Happy New Decade! A 20-Teens Retrospective

CORBA has a lot to be proud of this last ten years. It feels like the twenty-teens was the decade in which mountain biking really came of age. The sport has grown and we’ve seen tremendous changes and challenges. Mountain bikers are no longer a newcomer to the trails, but we’ve still got a long way to go.

There’s no denying the explosive growth of mountain biking last decade. We’ve all seen more people on trails, and more of them on bikes than ever before. I’ve met more riders with less than five years experience than in any five-year period before the last. Conversely, we’ve seen relatively few new trails constructed in that time. The trail supply is not keeping up with the demand here in Southern California. The agencies and volunteers can’t keep up with maintenance of the supply we already have. That’s one thing that hasn’t changed in ten years, and has gotten worse with agency budget cuts and increasingly severe weather. It’s why we ask you to come out and give a morning back to the trails once or twice a year. You’ll appreciate them so much more after a morning of trailwork.

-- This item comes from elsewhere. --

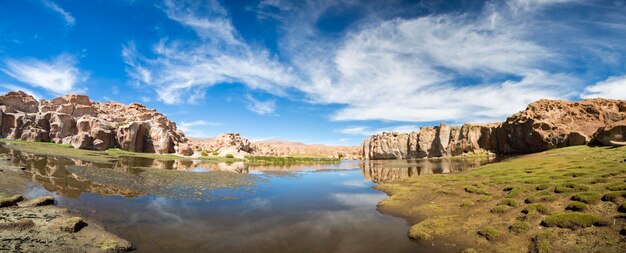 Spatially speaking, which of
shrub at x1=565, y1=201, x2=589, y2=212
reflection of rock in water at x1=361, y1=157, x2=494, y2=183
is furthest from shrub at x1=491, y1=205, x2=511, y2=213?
reflection of rock in water at x1=361, y1=157, x2=494, y2=183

Let’s take a long look back at what has changed and been accomplished last decade.

Mountain biking’s legitimacy as a sport and a member of the trail user community is no longer in question. It’s a mainstay of advertisements for brands that want to portray a healthy lifestyle. Everyone knows that mountain biking is now a “thing”, a true sport. 

The National Interscholastic Cycling Association (NICA), the governing body of the High School mountain biking was formed in 2009 along with our SoCal league. There’s now mountain bike racing in middle schools, high schools and colleges across the country. It’s an olympic sport. It took a decade to come full circle as Kate Courtney, a NorCal NICA alumni, took the world XC championship in 2019, and could be NICA’s first Olympian. It’s brought a whole new younger generation of riders to our trails.

Girlz Gone RidingWe’ve also seen more women entering the sport in the past decade. The Women’s Mountain Biking and Tea Society (WOMBATS) were around in the ‘90s, but the local chapter faded away. In 2014 two CORBA board members formed Girlz Gone Riding (GGR), a women’s mountain bike club. GGR has grown immensely and are now up to six chapters covering all of Southern California. NICA has also played a role in bridging the sport’s gender discrepancy by incentivizing teams to be co-ed. More women on trails is a wonderful thing. 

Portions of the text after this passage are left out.